## WHAT NEEDS TO BE DONE:
The entries below should be repeated exactly, with no pictures carried over.

Stored items from a collection:
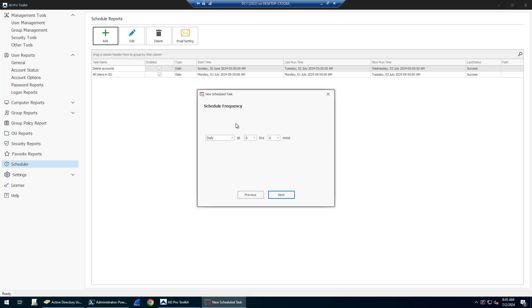Select your frequency. This is how often you want this task to run. I'm going to have it run daily and I'll set it to run at nine o'clock.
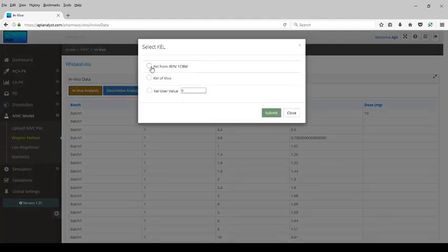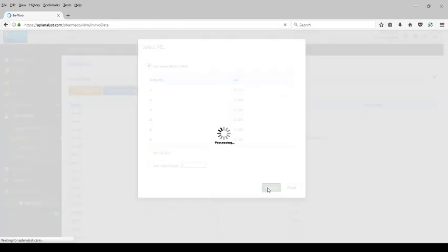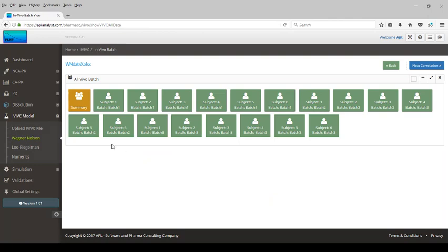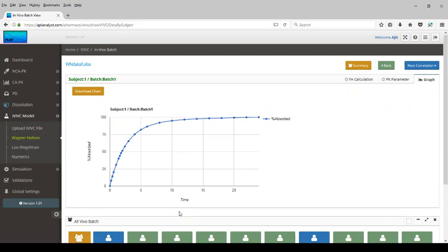Let's perform the in vivo analysis. We will use the KEL value needed for the Wagner-Nelson computation of the fraction absorbed. Here is the Wagner-Nelson method with the previously computed data displayed. We submit this data so that the fraction absorbed computation can be done. The fraction absorbed computation for six subjects across three batches is performed. The computation and graphical analysis of the fraction absorbed for one subject is shown.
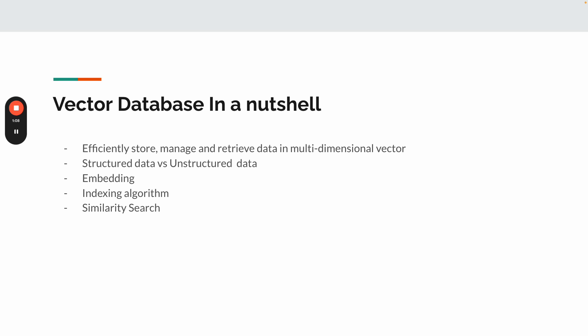So in a nutshell, what does it do? It effectively stores, manages, and retrieves data in a multidimensional vector. It supports both structured and unstructured data, but most importantly unstructured data. And it embeds the data into a vector or numeric representation using ML models. It does indexing to better utilize or group the vectors into an optimized way for similarity search.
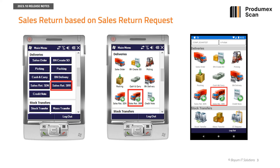A new option is added to the main menu of both Windows and Android applications to perform sales return based on return requests that support serial or batch managed items and bin locations.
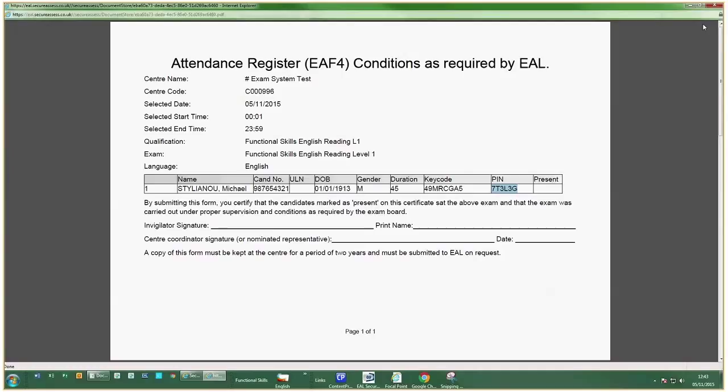To run the exam, you will need to have installed EAL SecureClient, and you must have an internet connection.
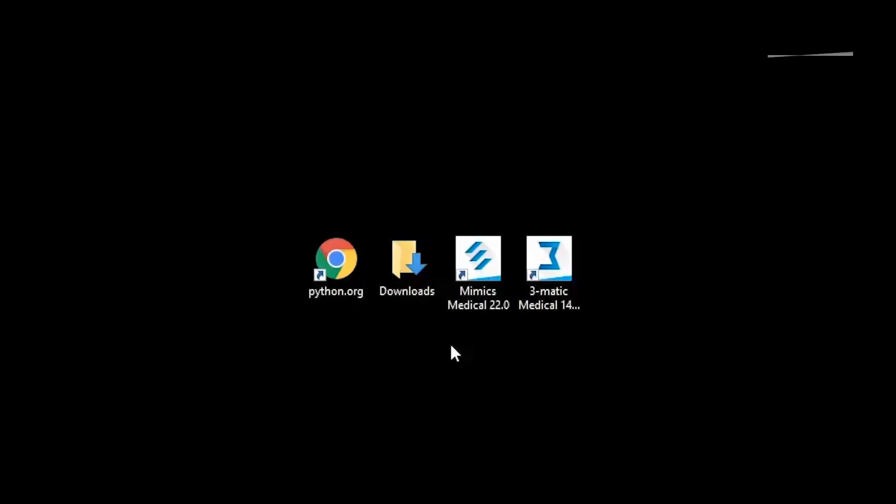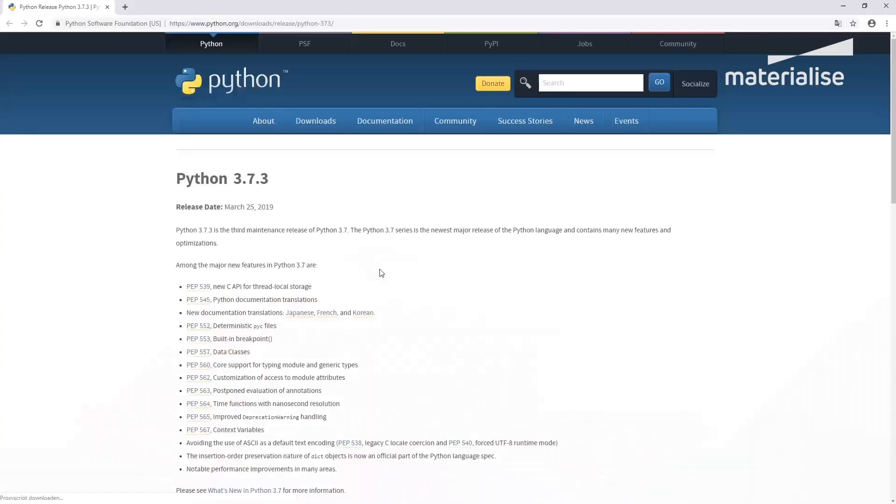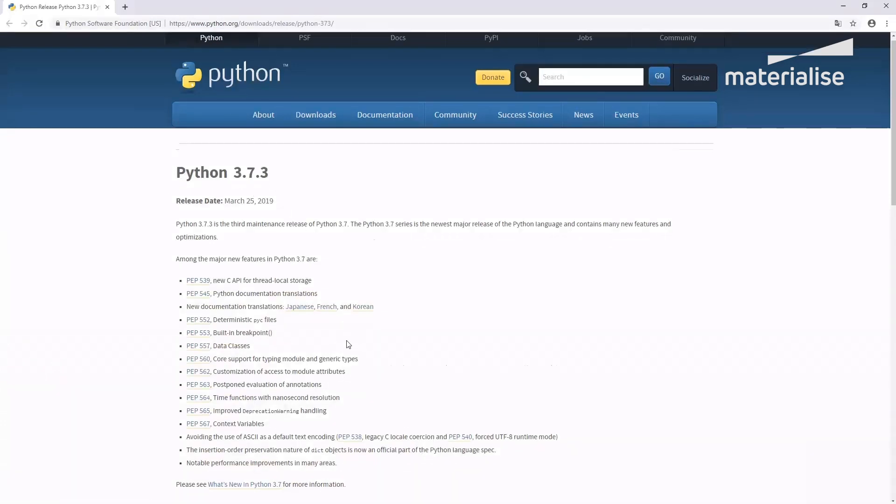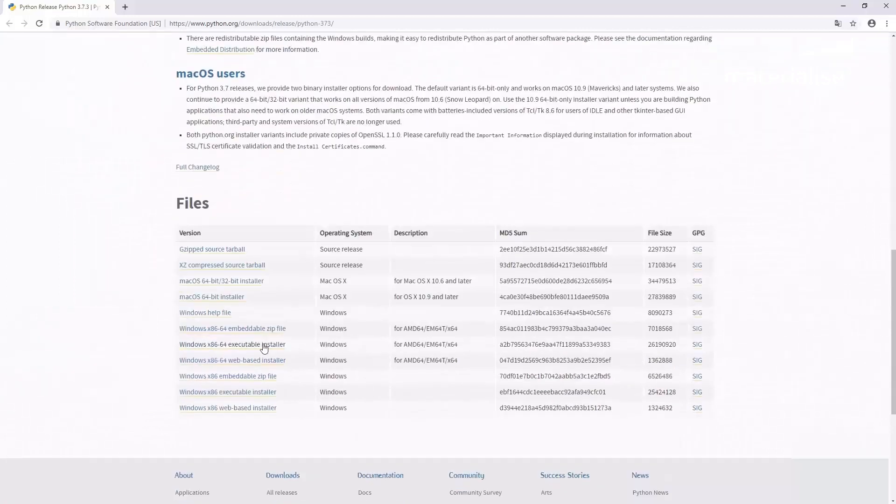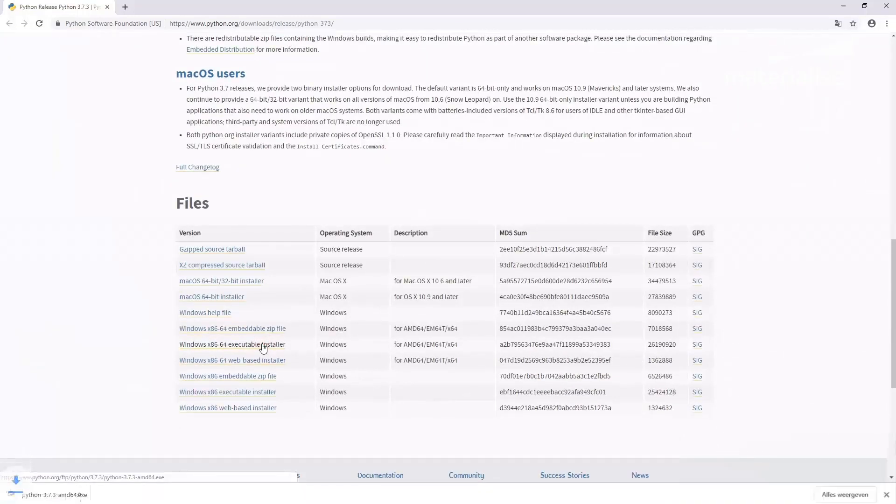The first step is to install Python, which can be downloaded from the python.org website. Please ensure you download the latest 64-bit version of Python 3.7. I'll be downloading the executable installer of Python 3.7.3.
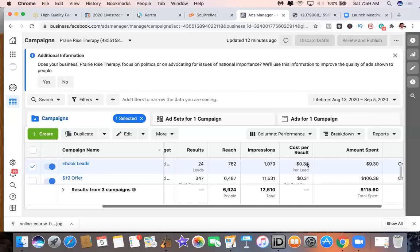Direct response means that you invite people to take an initial step with you that is low risk or no risk. The average person out there doesn't really understand what you do very well and they don't know you yet. So it feels risky for them to consider dropping $100, $200, and a lot more down the road for a care plan to get better. The cost of staying stuck feels less risky than the cost of getting started with care. That's what is blocking most people from initiating treatment with you.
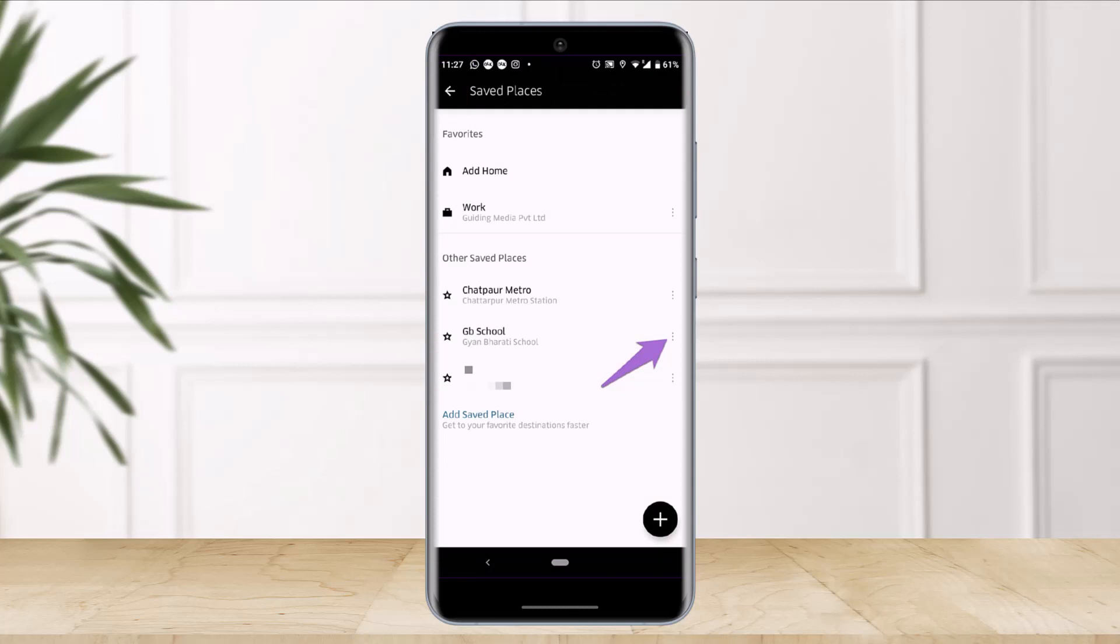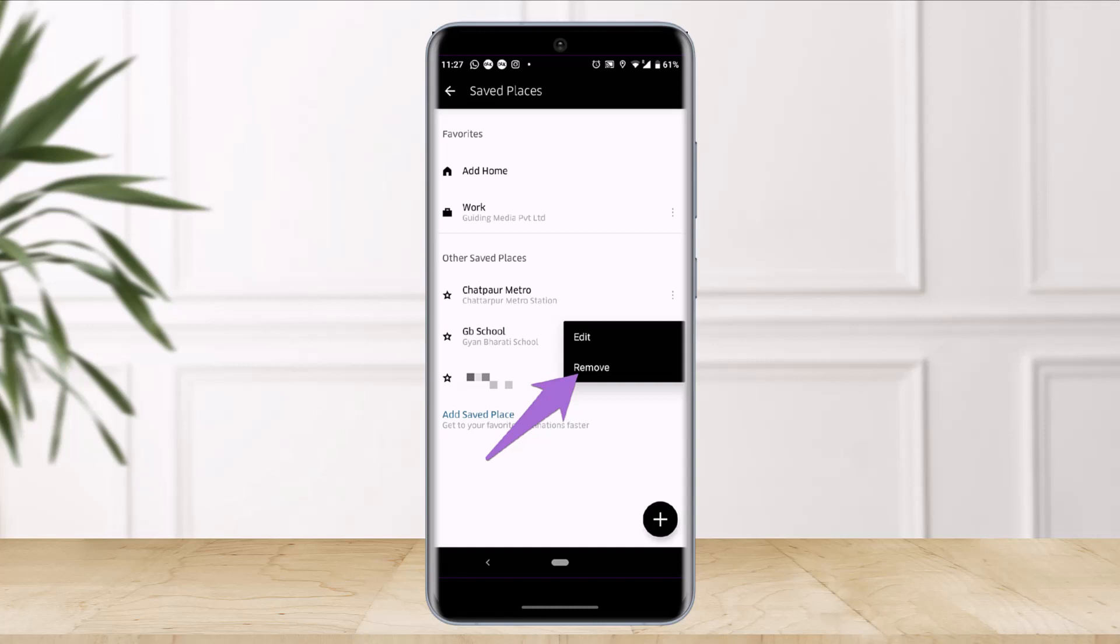Once you do so, you'll have the option called Remove. You just have to tap on it in order to delete this saved place. And that's all it takes to delete saved places in the Uber app.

## OUTPUT FOR THIS TASK:
Select your frequency. This is how often you want this task to run. I'm going to have it run daily and I'll set it to run at nine o'clock.
Let's perform the in vivo analysis. We will use the KEL value needed for the Wagner-Nelson computation of the fraction absorbed. Here is the Wagner-Nelson method with the previously computed data displayed. We submit this data so that the fraction absorbed computation can be done. The fraction absorbed computation for six subjects across three batches is performed. The computation and graphical analysis of the fraction absorbed for one subject is shown.
So in a nutshell, what does it do? It effectively stores, manages, and retrieves data in a multidimensional vector. It supports both structured and unstructured data, but most importantly unstructured data. And it embeds the data into a vector or numeric representation using ML models. It does indexing to better utilize or group the vectors into an optimized way for similarity search.
A new option is added to the main menu of both Windows and Android applications to perform sales return based on return requests that support serial or batch managed items and bin locations.
To run the exam, you will need to have installed EAL SecureClient, and you must have an internet connection.
The first step is to install Python, which can be downloaded from the python.org website. Please ensure you download the latest 64-bit version of Python 3.7. I'll be downloading the executable installer of Python 3.7.3.
Direct response means that you invite people to take an initial step with you that is low risk or no risk. The average person out there doesn't really understand what you do very well and they don't know you yet. So it feels risky for them to consider dropping $100, $200, and a lot more down the road for a care plan to get better. The cost of staying stuck feels less risky than the cost of getting started with care. That's what is blocking most people from initiating treatment with you.
Once you do so, you'll have the option called Remove. You just have to tap on it in order to delete this saved place. And that's all it takes to delete saved places in the Uber app.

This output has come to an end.